Néanmoins, au risque de radoter, je vous le remets : l’accent a pleine valeur orthographique. Du coup, si votre fonte supporte mal les capitales accentuées, la bonne réaction est de prendre une autre fonte, pas d’ignorer délibérément l’orthographe française. Mettre “etat” au lieu de “état”, c’est une faute ; que cette faute soit bénigne ne signifie pas que ce n’en est pas une. Il y a pire : “a” et “à”, qui peuvent se retrouver en début de phrase et compliquer la compréhension du texte.
Or, c’est justement un cas de “a” vs “à” qui nous occupe aujourd’hui.
Un correcteur du Monde s’en est très justement pris à l’utilisation de l’anglicisme “en charge de” au lieu de “responsable de”, “chargé de”, etc.
Cet article se terminait par “agréable à l’oreille. A l’œil aussi.”
Cette préposition risquait de prendre froid sans son chapeau ; j’ai donc demandé qu’on la recoiffe. On m’a répondu en substance qu’il s’agissait de la politique du Monde : les majuscules n’y sont pas accentuées.
J’ai donc demandé pourquoi, dans ce cas, le titre “À charge” portait, lui, bien son accent.
Ni une ni deux :
Détail ultime, “L’accent a sûrement été ajouté lors d’un passage du logiciel Prolexis, qui le propose par défaut…”, dixit le correcteur.
J’ai donc appris plusieurs choses (outre l’expression “la marche du journal” que je n’avais jamais rencontrée).

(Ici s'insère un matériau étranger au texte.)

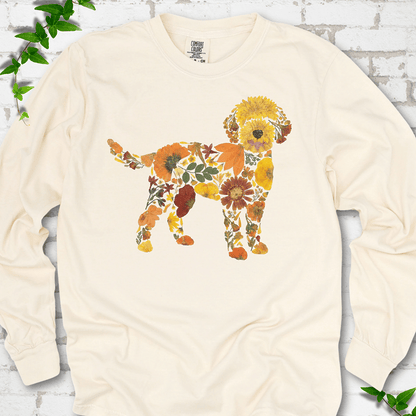 Wildflower Goldendoodle LS T-Shirt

D’abord, Le Monde a pour politique de faire des fautes à chaque majuscule qui devrait être accentuée.
Ensuite, ses relecteurs utilisent un logiciel qui corrige cette faute.

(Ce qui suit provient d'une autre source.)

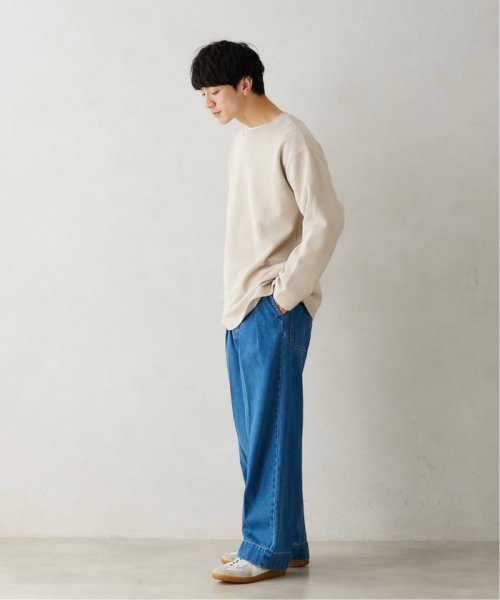 JOURNAL STANDARD relume Men's(ジャーナルスタンダード　レリューム　メンズ)/BACK BRUSH ワッフル クルーネック L/S/img18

Donc, ils doivent réaliser manuellement l’opération inverse pour retirer l’accent.
Avec le risque de, occasionnellement, laisser passer un accent.
Ce qui fait qu’il leur arrive de publier par erreur la version correcte en français. Vous suivez ?

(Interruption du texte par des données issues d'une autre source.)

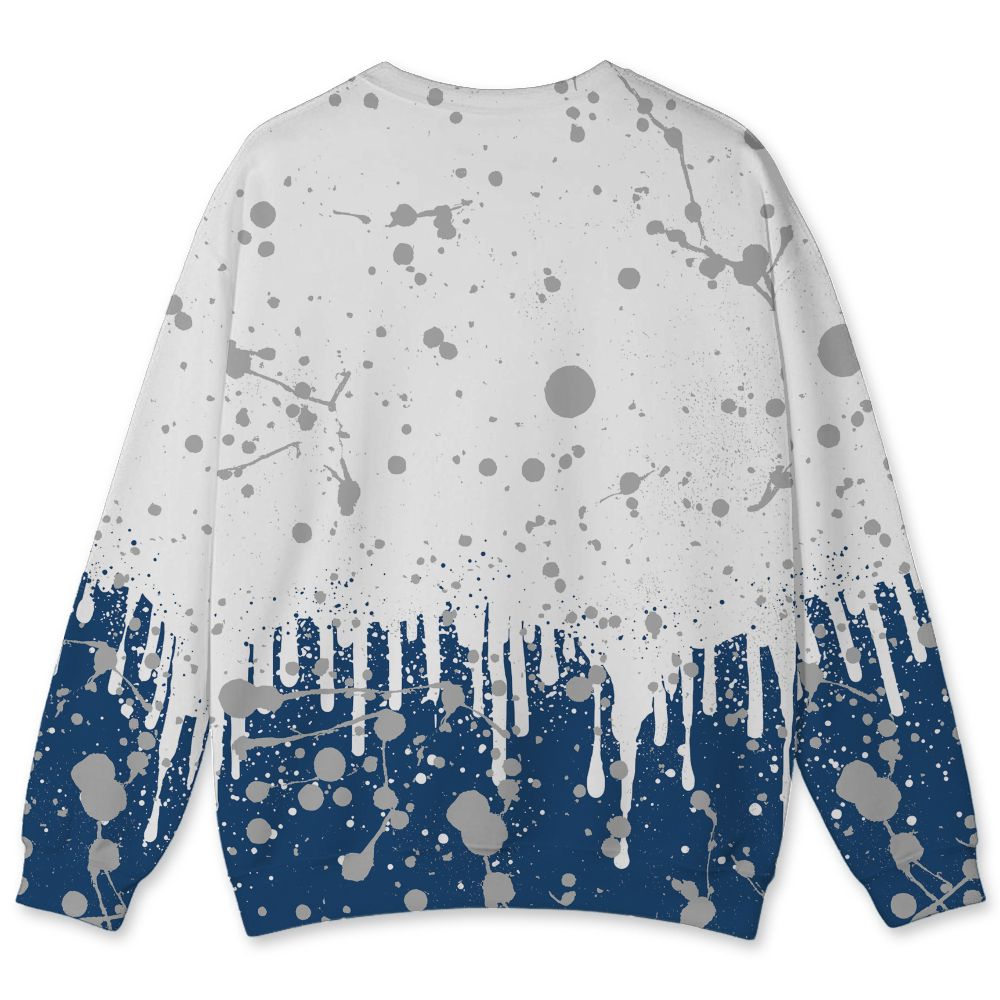 French-Blue-12s-NastyJamz-Sweatshirt-Match-Good-Things-All-Over-Print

J’ignore qui a décidé qu’on n’accentuerait pas les majuscules au Monde, et je m’en fous un peu. Je sais en revanche une chose : dans toutes les publications où j’ai bossé, si l’Académie française et le logiciel de correction automatique étaient d’accord pour faire un truc, on ne s’embêtait pas à faire le contraire juste pour le plaisir de faire une faute.